The Marvel books were a smash and allowed all the opportunities for new adventures and characters that the film series’ necessarily slow schedule couldn’t allow. Two years after the debut of the Star Wars comic books, more opportunities for intergalactic action arose when the franchise expanded to the L.A. Times Syndicate’s daily papers. The Star Wars black & white daily strips and color Sunday ones were more simplistic and less eccentric than their comic book cousins (nothing comparable to Marvel’s outlandish man-rabbit Jaxxon here). However, Russ Manning’s stark artwork offered the surprise revelation that George Lucas’s colorful universe could translate mighty well to moody black & white and his passion for the film resulted in a voice truer to the source material than Marvel’s freewheeling wackiness (the fact that one storyline references the wookiee Life Day celebration introduced in the infamous Star Wars Holiday Special is probably wacky enough for a lot of fans.). The newspaper stories were generic enough that several of them have Marvel equivalents (Princess Leia liberates slaves while posing as one; the Star Warriors encounter a race of telepaths; etc.) but there are unique elements that make the strip its own thing, such as the device of having C-3PO relay the adventures to a super computer named Mistress Mnemos and the appearance of other original creations, such as the ethereal villain Black Hole and his dark-clad cadre of stormtroopers and Grand Moff Tarkin’s blood-hungry widow who resembles one of those terrifying Disney villains.

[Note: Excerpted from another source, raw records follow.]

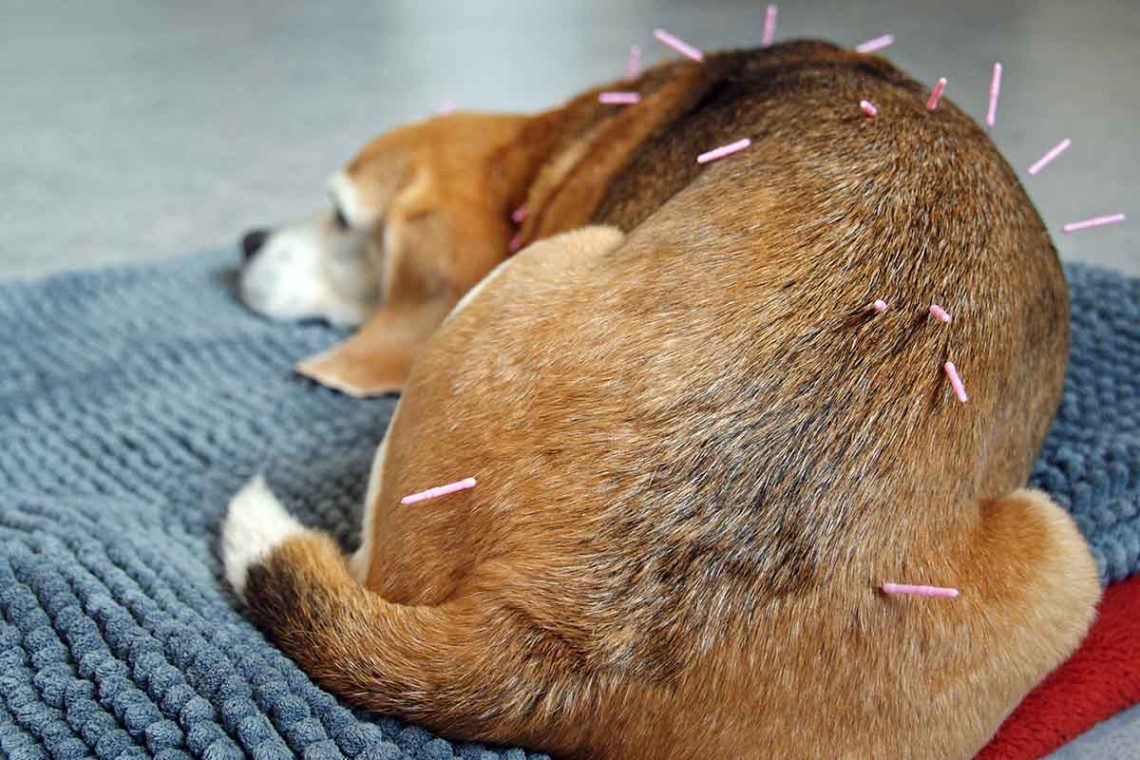 Acupuncture in dogs: why and when you need it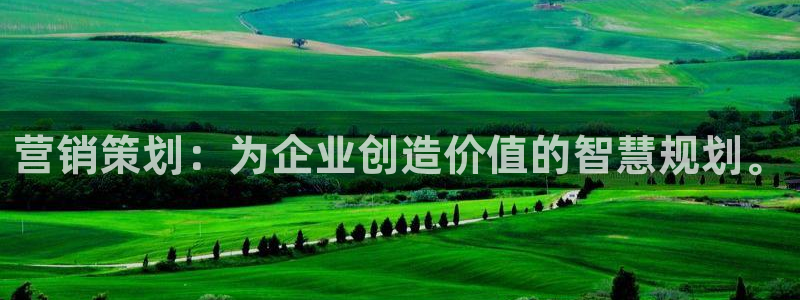 必赢网址手机主页：营销策划：为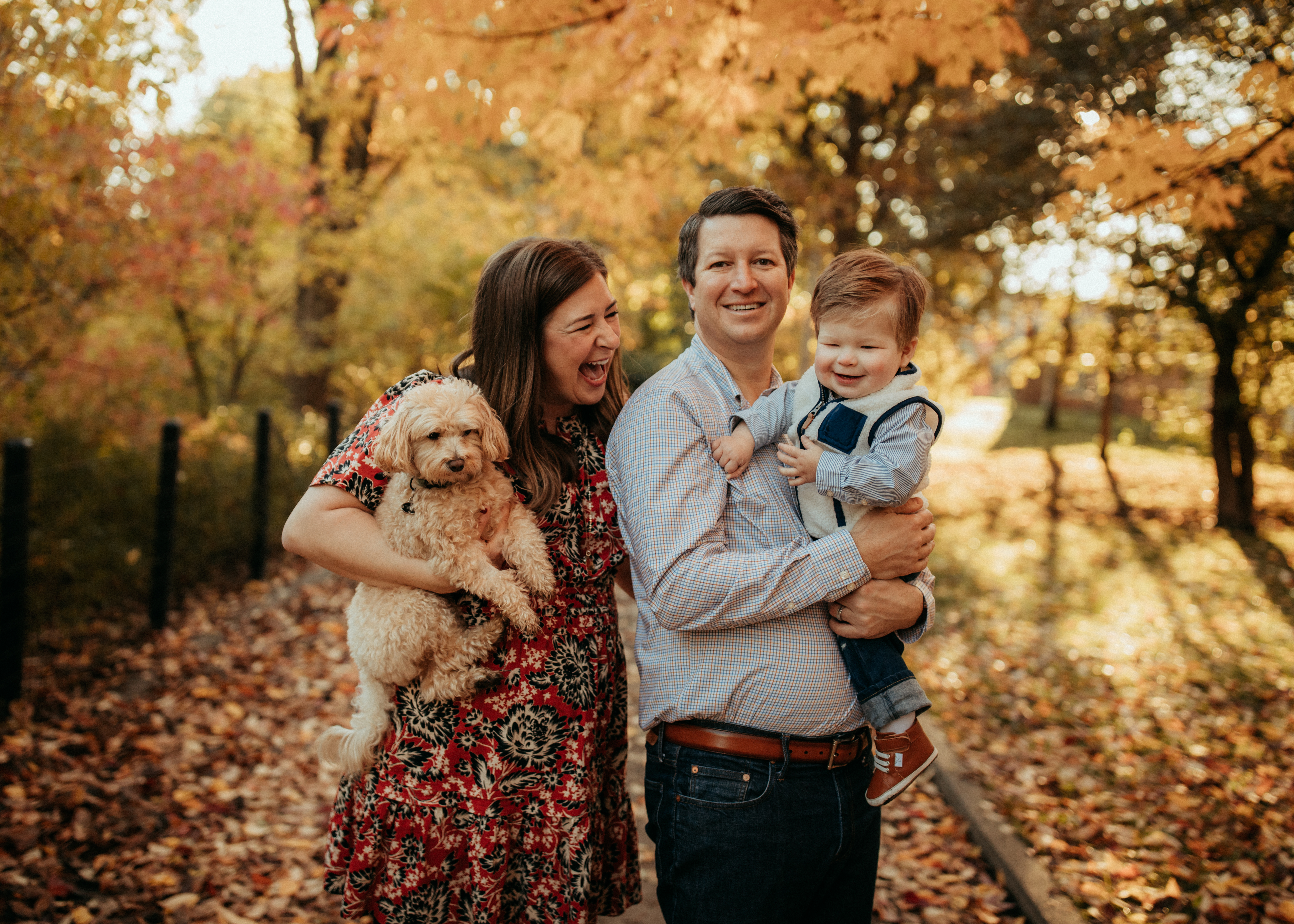 Evanston family photographer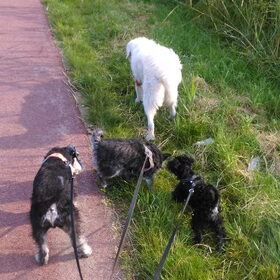 Hondenfoto van Silla en Bo & Yunah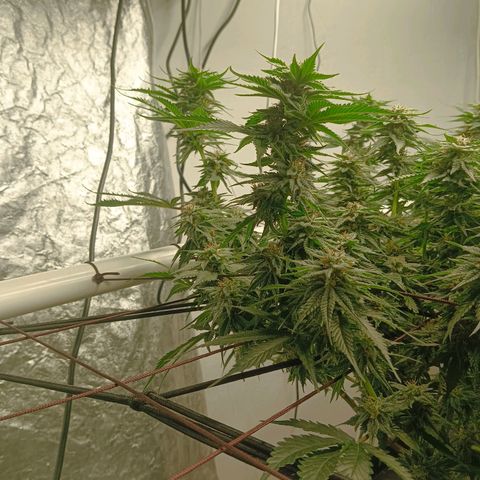 JHA #2 growlog timeline photo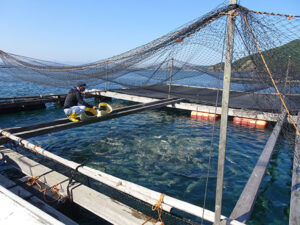 養殖魚のエサ | 全国海水養魚協会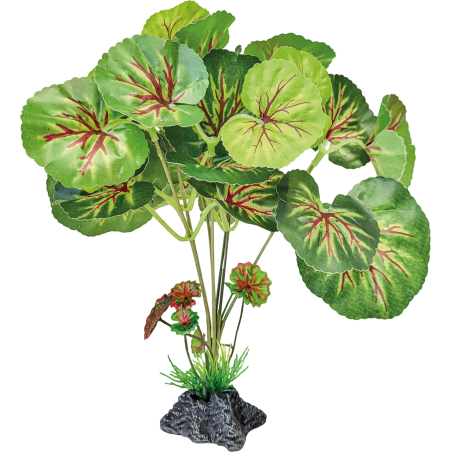 Plante terrarium feuilles rondes debout 24x20x25cm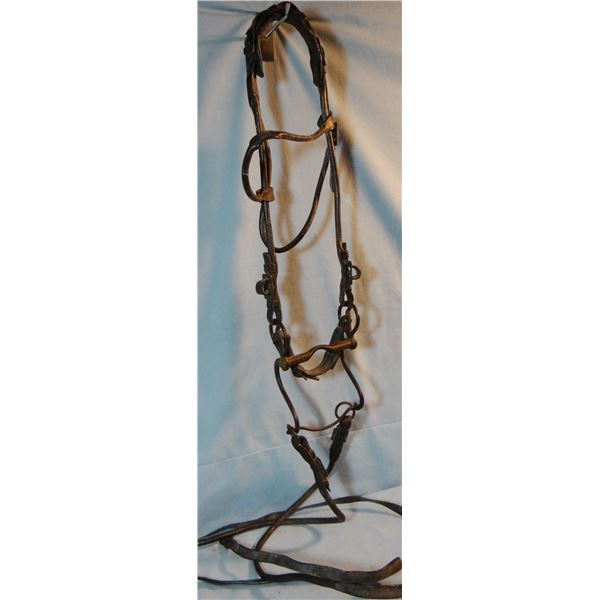 U. S. Cavalry officer's parade bridle, Shoemaker bit w/brass US buttons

These strips have been posthumously compiled before, but IDW’s new anthology Star Wars: The Classic Newspaper Comics Volume One does so with the publisher’s special touch, making these strips extra pleasurable to revisit. A hardcover volume that refuses to digitize the original inking, the book includes such bonus material as an introduction on the series, a biography of Manning, unpublished story ideas and panels, and a ribbon bookmark. This first volume covering March 1979 through October 1980 is a lovely presentation typical of IDW, and the promise that the next installment will feature an adaptation of Brian Daly’s novel Han Solo at Star’s End is quite an enticement to watch the skies for Volume Two. I’m glad the daily strips didn’t sideline the best Star Wars character in carbonite for three years like the Marvel books did.